Sieger nach Punkten. So nannte der deutsche Schriftsteller Thorsten Becker seinen 2004 erschienenen Roman. In sechs Kapiteln schildert er die Geschichte seines Helden Nasrettin Öztürk vom Sohn türkischer Einwanderer in Berlin zum Europameister im Superfedergewicht. Dazwischen erzählt Becker eine Parallelstrecke die Geschichte der Türkei von der Islamisierung Anatoliens bis zu der Republikgründung Atatürks.

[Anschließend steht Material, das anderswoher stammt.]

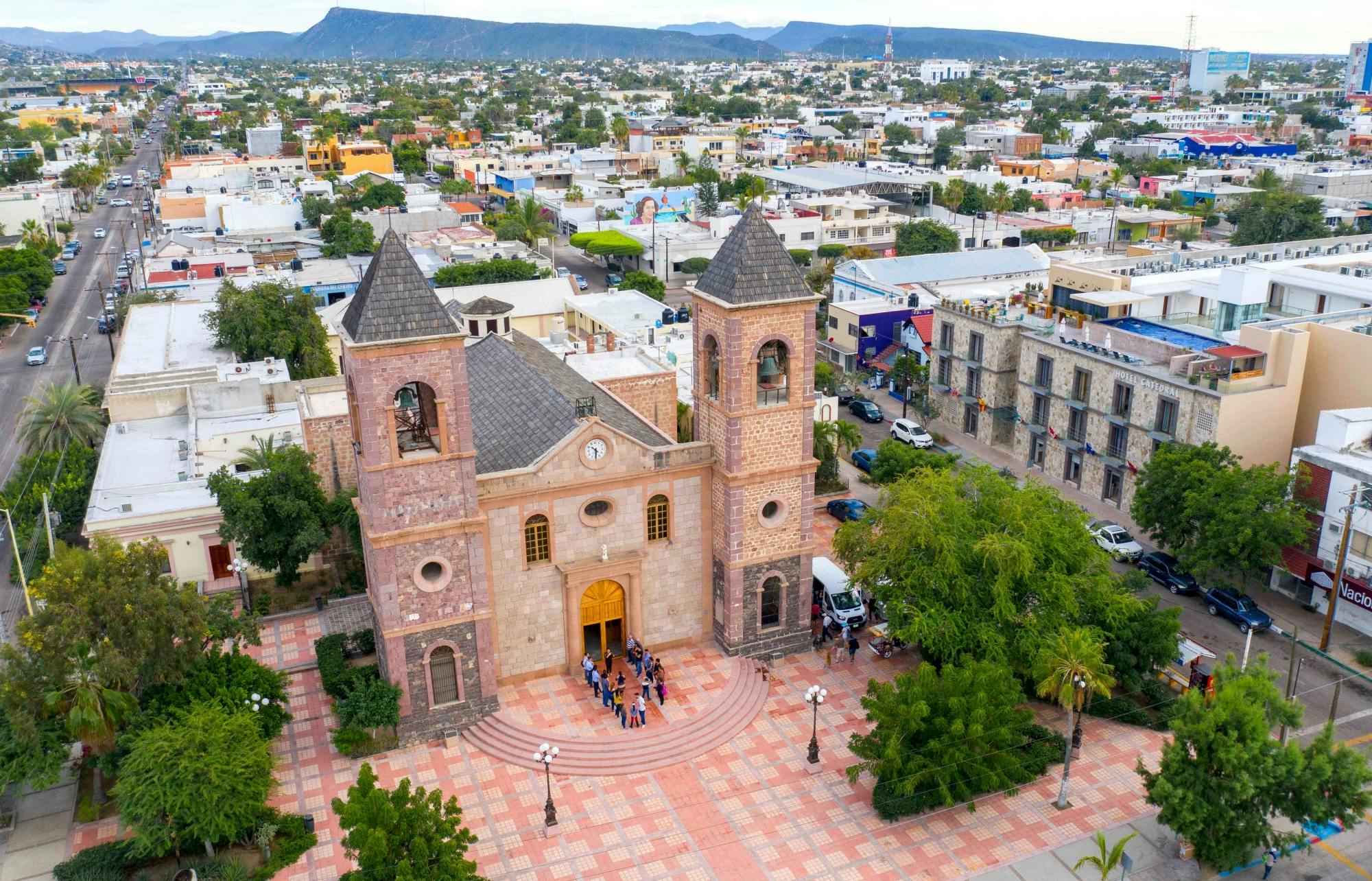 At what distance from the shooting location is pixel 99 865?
28750 mm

So ausufernd, geschichtsmächtig und türkeibegeistert wie der 1958 bei Köln geborene Becker beschäftigen sich deutsche Künstler selten mit dem Land am Bosporus. Auch wenn sie gelegentlich zum Urlaub nach Antalya fahren. In der Regel ist es genau umgekehrt. Deutschtürkische Autoren wie Feridun Zaimoglu oder Emine Sevgi Özdamar erzählen mehr von ihrer Heimat und dem Weg nach Deutschland als Deutsche in der Türkei von ihren Erfahrungen in ihrem Land.

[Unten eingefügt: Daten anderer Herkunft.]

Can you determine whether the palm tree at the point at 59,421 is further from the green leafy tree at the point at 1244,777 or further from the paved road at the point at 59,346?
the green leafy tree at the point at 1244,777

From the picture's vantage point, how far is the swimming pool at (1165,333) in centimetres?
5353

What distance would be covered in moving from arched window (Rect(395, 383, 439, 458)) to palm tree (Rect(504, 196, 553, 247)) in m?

Anfang Juli feierten in Istanbul die sogenannten „Almanci“ rauschende Erfolge. Türkische Migranten der zweiten und dritten Generation in Deutschland hatten in der Heimat ihrer Eltern und Großeltern ein großes Kulturfestival ausgerichtet. „Beyond belonging“ - der Titel der Tournee zeigte demonstrativ, dass diesen Künstlern die Frage der Herkunft egal ist. Sie sitzen gerne zwischen allen nationalen Stühlen. Doch wann gab es zuletzt ein „deutsches“ Festival am Bosporus?

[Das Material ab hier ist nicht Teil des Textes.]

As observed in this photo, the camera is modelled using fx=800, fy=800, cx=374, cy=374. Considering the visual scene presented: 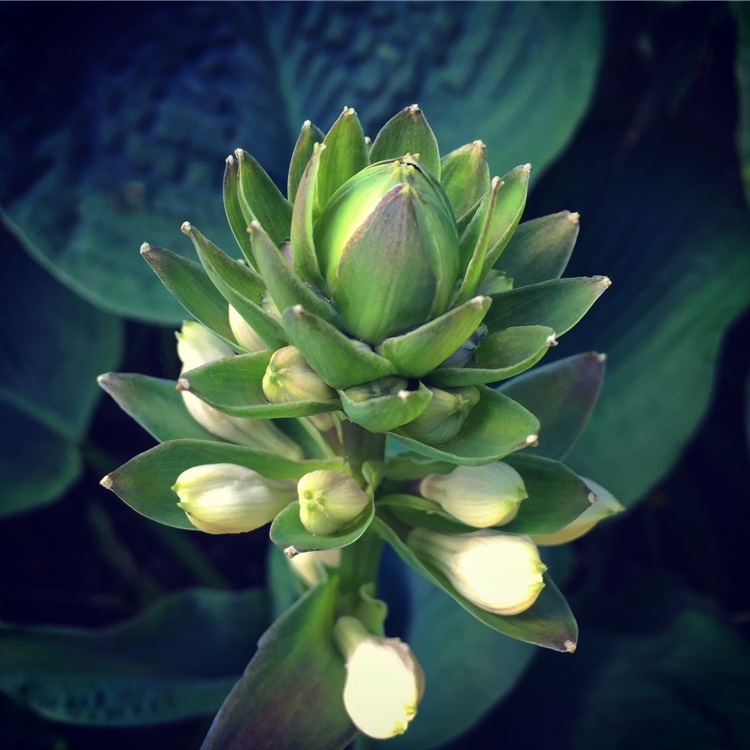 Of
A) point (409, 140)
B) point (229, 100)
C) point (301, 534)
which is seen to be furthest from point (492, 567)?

Das Zufällige und Ungleichgewichtige der deutsch-türkischen Kulturbeziehungen soll sich nach dem Willen des Deutsche Bundestags nun ändern. Die Volksvertreter haben nämlich vor kurzem die ersten 6 Millionen Euro Steuergelder für eine Künstlerakademie in Istanbul freigegeben, die nach dem Vorbild der Villa Massimo funktionieren soll: Die „Villa Tarabya“. Sieben „erfolgversprechende Künstler“ von der Musik bis zur Literatur sollen dort ein halbes Jahr leben und arbeiten – ganz wie in der Künstlerklause in Rom.

Tarabya heisst Therapia

Die neue Akademie wird eine Nummer größer als das italienische Haus, das der Mäzen Ernst Arnold 1910 dem Deutschen Reich stiftete. Mit einem 18 Hektar großen Anwesen ist die Villa Tarabya größer und repräsentativer. Benannt ist sie nach dem Istanbuler Stadtteil, in dem sie liegt. Tarabya geht, wie so vieles in Istanbul, auf griechische Ursprünge zurück.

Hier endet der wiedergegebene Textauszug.